[Task instructions]
All lines in the material containing the word "show" need to be copied.

[Data extracts]
========================================================================
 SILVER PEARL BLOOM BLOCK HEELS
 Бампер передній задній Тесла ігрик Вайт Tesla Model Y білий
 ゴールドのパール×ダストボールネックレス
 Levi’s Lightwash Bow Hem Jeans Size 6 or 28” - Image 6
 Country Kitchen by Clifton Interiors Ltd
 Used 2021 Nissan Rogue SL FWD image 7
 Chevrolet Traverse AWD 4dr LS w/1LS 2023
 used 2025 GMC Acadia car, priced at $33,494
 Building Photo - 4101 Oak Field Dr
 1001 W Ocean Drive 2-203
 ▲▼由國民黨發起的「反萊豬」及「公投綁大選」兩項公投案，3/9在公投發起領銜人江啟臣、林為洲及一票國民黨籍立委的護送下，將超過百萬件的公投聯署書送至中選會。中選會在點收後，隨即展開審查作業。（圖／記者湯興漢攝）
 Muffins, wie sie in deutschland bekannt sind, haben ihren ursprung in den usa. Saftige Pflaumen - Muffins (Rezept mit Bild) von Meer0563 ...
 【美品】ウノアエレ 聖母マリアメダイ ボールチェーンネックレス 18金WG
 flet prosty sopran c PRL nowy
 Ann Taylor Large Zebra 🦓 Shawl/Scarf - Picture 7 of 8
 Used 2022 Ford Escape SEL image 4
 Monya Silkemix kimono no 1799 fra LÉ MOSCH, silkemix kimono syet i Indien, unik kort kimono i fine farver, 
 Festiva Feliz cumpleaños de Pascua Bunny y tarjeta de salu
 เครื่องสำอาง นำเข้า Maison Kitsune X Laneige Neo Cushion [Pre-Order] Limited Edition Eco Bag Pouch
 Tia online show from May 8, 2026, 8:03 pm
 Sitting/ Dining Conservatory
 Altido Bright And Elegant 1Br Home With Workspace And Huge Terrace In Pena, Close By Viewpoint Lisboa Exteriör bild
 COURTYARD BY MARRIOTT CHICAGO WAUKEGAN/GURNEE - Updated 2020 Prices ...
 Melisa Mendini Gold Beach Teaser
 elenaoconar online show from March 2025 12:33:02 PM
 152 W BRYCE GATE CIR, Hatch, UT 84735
========================================================================
[Written response]
 Tia online show from May 8, 2026, 8:03 pm
 elenaoconar online show from March 2025 12:33:02 PM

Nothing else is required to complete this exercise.